Not any more. But it was a good start. I got something out of it.
That is something. Why did you quit? I mean, come on! Side project!
We didn't get any record labels!
Now's your chance!
Well, thanks to Auto-Tune it can sound great. But you know how it is. I'd gone to L.A. to try and do acting, but after the first year of auditions I really didn't get anything. I found these guys and started a band. So much fun, but it was a little bit more far-fetched than the acting side of things. I went back to try the acting, and that's when it caught on. And I thought, "OK, this is a sign I should be doing acting and not the singing career." So it literally just came to a point where I was sleeping in a couch on a studio; I had no money to pay my rent. I said, "Guys, I'm going to give acting one more shot. If it doesn't work out, I'll go back to Toronto and finish my schooling." I was in university in Toronto for a year; I was a psychology major. But then it all just... began.
And you've been in, like, every movie made since then.
It's been good! It's been a good few years.
How did this one come to you?
I got the script, and I was in Sweden visiting family. I had a phone conference with Galt, and we chatted. I loved the script I just thought it was a romantic comedy, but a little bit more poetic. It's a different formula than other romantic comedies you usually see. It's not a blockbuster romantic comedy; it's a little more artistic. I just loved the relationships between the characters. I loved the debauchery that went on the night before the wedding -- and the debauchery all the way through the end of the wedding. I thought my character Tripler was a lot of fun, and I just saw a lot of things we could do with her. I always like a character who's the life of the party and who gets people going. So I hope it brought some light to the film, even though there are some secrets are dark moments that come out in the film. Everybody has a light side and a dark side, and it's nice that these aren't just one-dimensional characters.

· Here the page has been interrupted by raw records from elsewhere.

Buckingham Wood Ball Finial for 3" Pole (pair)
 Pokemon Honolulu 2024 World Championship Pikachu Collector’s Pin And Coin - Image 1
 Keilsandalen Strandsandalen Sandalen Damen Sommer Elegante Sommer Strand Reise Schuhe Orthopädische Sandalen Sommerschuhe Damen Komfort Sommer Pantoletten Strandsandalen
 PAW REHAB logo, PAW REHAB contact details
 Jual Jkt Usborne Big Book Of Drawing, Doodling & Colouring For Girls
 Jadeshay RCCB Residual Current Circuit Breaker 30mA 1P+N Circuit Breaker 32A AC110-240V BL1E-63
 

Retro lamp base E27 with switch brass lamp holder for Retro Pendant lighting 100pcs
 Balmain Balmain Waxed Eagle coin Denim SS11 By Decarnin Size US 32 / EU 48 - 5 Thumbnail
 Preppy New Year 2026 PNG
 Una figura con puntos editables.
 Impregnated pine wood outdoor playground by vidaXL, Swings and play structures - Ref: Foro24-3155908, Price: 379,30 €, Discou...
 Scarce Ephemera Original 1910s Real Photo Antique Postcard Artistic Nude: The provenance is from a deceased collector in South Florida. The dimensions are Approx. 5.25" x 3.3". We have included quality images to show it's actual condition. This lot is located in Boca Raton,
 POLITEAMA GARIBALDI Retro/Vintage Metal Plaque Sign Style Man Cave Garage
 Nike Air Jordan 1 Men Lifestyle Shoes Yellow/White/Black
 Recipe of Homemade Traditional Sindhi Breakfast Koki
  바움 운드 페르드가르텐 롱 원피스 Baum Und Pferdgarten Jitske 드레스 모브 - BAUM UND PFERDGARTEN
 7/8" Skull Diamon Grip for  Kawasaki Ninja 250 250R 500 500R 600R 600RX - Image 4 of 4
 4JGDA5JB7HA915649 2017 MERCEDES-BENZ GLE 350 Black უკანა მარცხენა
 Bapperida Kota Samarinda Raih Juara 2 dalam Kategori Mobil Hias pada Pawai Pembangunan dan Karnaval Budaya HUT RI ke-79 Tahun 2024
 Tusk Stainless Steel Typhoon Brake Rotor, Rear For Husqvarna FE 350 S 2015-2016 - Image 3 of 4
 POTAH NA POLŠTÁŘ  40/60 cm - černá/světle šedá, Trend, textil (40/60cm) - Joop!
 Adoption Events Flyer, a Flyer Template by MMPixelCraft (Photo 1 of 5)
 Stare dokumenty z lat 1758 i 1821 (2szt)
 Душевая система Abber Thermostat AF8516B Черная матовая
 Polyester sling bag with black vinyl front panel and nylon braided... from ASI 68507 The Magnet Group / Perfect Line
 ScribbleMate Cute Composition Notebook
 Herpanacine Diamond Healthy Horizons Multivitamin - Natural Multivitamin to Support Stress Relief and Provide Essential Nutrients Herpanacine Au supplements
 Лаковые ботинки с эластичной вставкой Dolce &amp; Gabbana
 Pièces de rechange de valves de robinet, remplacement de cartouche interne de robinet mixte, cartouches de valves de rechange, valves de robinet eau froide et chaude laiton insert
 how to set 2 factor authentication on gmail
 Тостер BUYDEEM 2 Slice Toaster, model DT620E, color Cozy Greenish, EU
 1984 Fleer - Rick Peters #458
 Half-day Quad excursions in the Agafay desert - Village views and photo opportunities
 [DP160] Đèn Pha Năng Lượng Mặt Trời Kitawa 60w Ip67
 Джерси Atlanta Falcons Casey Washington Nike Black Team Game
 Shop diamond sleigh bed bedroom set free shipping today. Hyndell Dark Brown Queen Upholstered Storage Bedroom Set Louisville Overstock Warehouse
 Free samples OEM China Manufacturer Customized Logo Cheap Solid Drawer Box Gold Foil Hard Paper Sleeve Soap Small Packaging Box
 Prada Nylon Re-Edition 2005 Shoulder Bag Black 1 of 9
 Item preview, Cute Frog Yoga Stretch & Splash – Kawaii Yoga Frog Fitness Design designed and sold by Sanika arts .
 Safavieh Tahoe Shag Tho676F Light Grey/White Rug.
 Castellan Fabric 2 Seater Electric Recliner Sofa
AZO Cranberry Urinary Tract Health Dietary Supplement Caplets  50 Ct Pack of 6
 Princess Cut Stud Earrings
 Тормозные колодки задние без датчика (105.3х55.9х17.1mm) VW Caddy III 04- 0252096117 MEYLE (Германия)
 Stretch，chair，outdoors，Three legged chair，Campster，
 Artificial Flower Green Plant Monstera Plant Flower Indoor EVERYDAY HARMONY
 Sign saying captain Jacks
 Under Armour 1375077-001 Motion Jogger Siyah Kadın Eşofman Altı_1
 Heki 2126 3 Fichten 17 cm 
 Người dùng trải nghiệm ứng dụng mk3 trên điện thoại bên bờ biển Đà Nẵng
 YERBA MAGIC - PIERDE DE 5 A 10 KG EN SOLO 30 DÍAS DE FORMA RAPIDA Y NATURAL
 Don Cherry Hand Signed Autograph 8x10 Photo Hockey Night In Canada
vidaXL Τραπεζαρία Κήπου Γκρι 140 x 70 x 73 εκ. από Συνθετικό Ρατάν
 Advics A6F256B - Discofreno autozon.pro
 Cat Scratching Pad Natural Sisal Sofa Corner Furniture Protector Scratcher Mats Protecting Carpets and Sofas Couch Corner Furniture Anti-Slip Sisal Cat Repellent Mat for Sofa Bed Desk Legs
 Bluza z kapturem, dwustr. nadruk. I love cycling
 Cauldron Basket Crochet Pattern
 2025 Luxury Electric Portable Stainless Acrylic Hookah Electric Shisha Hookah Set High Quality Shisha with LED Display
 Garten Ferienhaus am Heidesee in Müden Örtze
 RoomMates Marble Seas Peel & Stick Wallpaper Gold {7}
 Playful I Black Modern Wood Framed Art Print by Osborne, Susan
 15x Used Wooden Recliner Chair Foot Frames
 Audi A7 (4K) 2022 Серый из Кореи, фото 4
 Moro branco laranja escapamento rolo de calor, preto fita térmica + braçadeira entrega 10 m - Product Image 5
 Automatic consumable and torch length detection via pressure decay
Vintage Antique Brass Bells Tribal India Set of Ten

What kind of name is "Tripler"?
I do not know.
You never discussed its provenance or meaning?
Well, we have to ask Galt. We did, but now of course I've blanked. That was many, many moons ago. I do remember telling her, "I really like that character with the funny name." But because I had read the script months earlier, I completely blanked on the name. I think its something like a nickname for "Veronica III." I can't be sure; you'll have to ask her. Something like that. Don't tell her I forgot.
I asked this of Adam Brody as well, but all these characters seem to be facing their last chance at something. What's Tripler's?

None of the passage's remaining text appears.